[R-sig-ME] proportion data based on finite population size
Thomas M
firespot71 at gmail.com
Wed Jun 3 17:40:56 CEST 2015
Hi,
I need to fit a mixed model for the following data situation:
A number of locations have been sampled for (plant) species. Species
were classified as either belonging to category A or B (strictly
binary), where, roughly speaking, A represents 'was previously there',
and B represents 'arrived recently'. For each location the total number
of species per category is recorded, and the main question is how
several predictor variables influence the proprotions. A mixed model is
used due to pronounced spatial clustering of sampled locations. Species
numbers in both A and B range from very low to relatively high.
Colleagues have suggested a plain binomial GLMM, with the number of
species in A and B comprising the two response-matrix columns.

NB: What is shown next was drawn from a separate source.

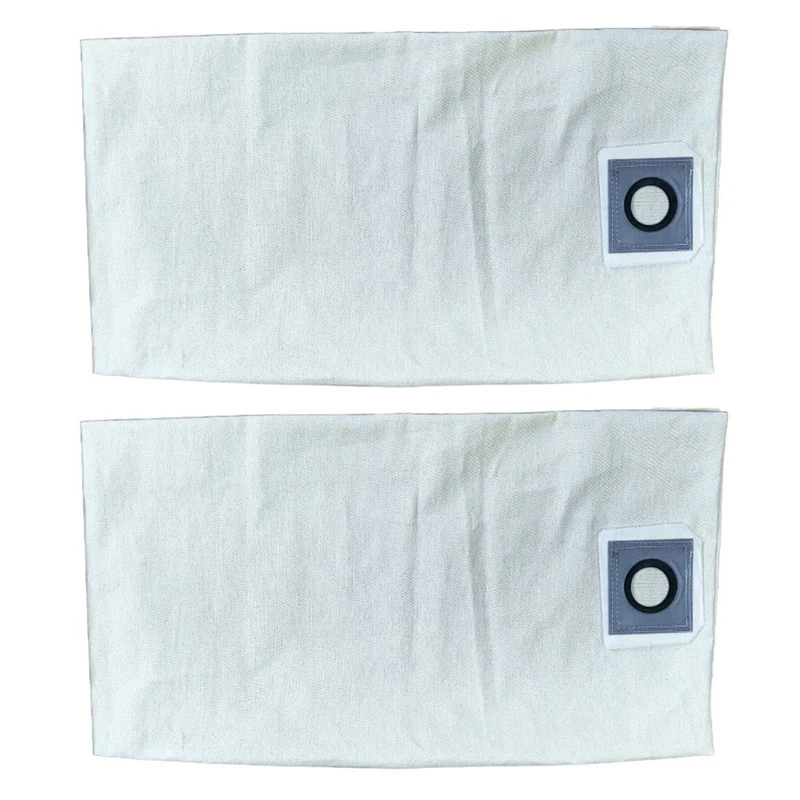 2PCS Washable Dust Bags For Karcher NT50/2 70/2 90/2 Vacuum Cleaner Parts Replacement Precision Dust Bag Zipper Bag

My
concern here is that I don't really see underlying independent Bernoulli
trials which gave rise to the data. At each location the total number of
species occurring is quasi an a priori fixed, finite value, and only
then species become grouped into the two categories. I.e. for a given
location I cannot take a hypothetical new species and evaluate that for
belonging to A or B (as new Bernoulli trial). In practice I suppose that
fitting such data by a Binomial-GLMM will artificially inflate the df,
and I wouldn't be surprised to see pronounced overdispersion. Do you
agree with these concerns?
If so, now on to possible solutions:
Is there some finite-sample-size, or otherwise appropriate correction
available to GLMMs?
For a new random draw I'd have to sample a new location. So a candidate
response could be calculating A / A + B per site (and thus one df per
site - very conservative given that A or B may actually be quite large).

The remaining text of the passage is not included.